◆ YOUR OBJECTIVE: Once the line with "5960 Valley Forge Dr Property Photo 14" is found, return it along with every line after it, exactly, through the end of the material.

◆ RECORDS PROVIDED:
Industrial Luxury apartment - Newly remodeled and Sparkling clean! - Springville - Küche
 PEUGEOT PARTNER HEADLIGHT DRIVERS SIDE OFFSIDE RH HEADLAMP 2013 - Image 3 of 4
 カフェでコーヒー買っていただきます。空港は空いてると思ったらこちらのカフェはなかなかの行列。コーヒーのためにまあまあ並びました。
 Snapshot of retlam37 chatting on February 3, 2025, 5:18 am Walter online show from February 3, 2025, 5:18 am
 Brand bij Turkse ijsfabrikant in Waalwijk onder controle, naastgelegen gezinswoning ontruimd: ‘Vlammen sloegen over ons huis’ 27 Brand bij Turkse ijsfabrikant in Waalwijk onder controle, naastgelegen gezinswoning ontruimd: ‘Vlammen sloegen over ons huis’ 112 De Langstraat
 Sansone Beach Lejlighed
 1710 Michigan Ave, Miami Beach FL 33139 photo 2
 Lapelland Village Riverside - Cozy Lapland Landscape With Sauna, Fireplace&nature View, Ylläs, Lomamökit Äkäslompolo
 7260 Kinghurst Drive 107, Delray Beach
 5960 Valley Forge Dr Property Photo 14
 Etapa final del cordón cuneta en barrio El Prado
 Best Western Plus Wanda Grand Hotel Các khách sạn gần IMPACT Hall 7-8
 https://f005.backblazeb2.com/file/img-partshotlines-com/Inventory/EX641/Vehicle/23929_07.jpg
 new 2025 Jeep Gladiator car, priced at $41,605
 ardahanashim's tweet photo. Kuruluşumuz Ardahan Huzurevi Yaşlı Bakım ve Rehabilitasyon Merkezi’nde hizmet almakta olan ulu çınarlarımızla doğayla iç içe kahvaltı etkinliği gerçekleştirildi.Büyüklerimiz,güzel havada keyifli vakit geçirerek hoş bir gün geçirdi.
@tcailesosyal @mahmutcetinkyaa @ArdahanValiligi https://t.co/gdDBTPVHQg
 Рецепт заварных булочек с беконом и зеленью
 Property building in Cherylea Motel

◆ SOLUTION TO THE PROBLEM:
 5960 Valley Forge Dr Property Photo 14
 Etapa final del cordón cuneta en barrio El Prado
 Best Western Plus Wanda Grand Hotel Các khách sạn gần IMPACT Hall 7-8
 https://f005.backblazeb2.com/file/img-partshotlines-com/Inventory/EX641/Vehicle/23929_07.jpg
 new 2025 Jeep Gladiator car, priced at $41,605
 ardahanashim's tweet photo. Kuruluşumuz Ardahan Huzurevi Yaşlı Bakım ve Rehabilitasyon Merkezi’nde hizmet almakta olan ulu çınarlarımızla doğayla iç içe kahvaltı etkinliği gerçekleştirildi.Büyüklerimiz,güzel havada keyifli vakit geçirerek hoş bir gün geçirdi.
@tcailesosyal @mahmutcetinkyaa @ArdahanValiligi https://t.co/gdDBTPVHQg
 Рецепт заварных булочек с беконом и зеленью
 Property building in Cherylea Motel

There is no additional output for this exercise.